A Tantrum Isn't An Emergency
Why I gave up on "validating big feelings" and old school consequences--and what I did that actually worked.
I realized it’s been a while since I wrote a parenting thing. So here’s one!
For years, I struggled with gentle parenting my older child (now five) because not only is he very strong-willed, but I was led to believe that any whining or crying needed to be quelled as soon as possible. I believed that if he was upset, this was an emergency, or at least a high-level crisis, and it was my job to fix it as soon as possible.

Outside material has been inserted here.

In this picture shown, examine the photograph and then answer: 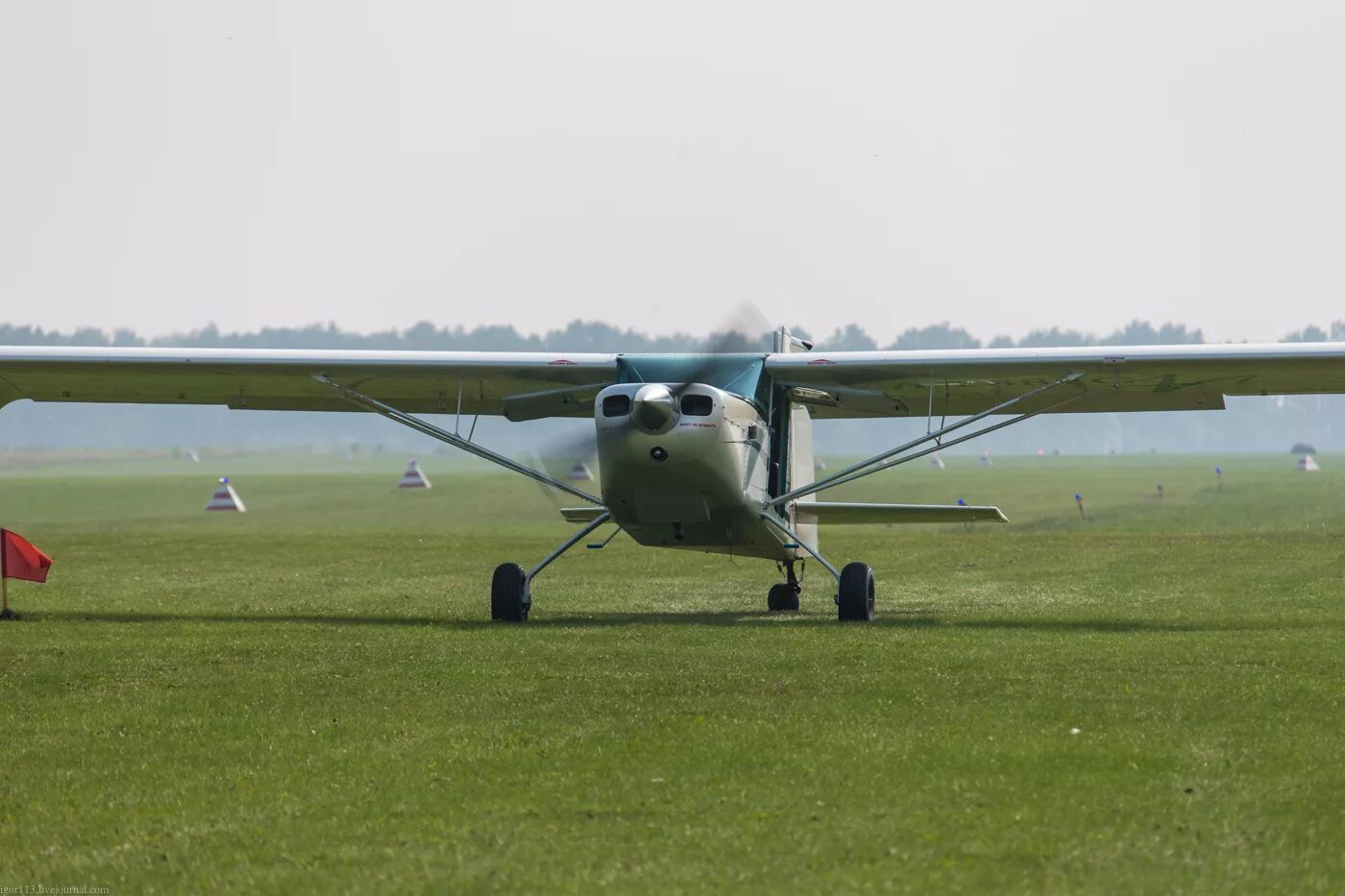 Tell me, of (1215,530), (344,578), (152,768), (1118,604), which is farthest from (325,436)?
(152,768)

“Fixing it,” in my case, usually defaulted to the absolute worst thing I could do, something that even the most permissive of gentle parenting influencers would advise against: attempt (and fail) to calm a toddler down with platitudes about big feelings, and ultimately give him whatever it is he wanted after enough whining. Sometimes, if the whining was completely nonsensical and endless, I might get mad, raise my voice, and then feel guilty.
I’m annoyed that it took me five years of parenting to figure this out, but as it turns out, whining isn’t an emergency. Nobody has ever died from whining, and despite my initial fears leading my irrational actions, a child has never been traumatized by not getting their way. There is something you can do instead of yelling, punishing, or giving in: do absolutely nothing.
Perhaps this is on me for being an idiot, but part of why I went down this bad path was that I was led to believe that whining was, in fact, an emergency.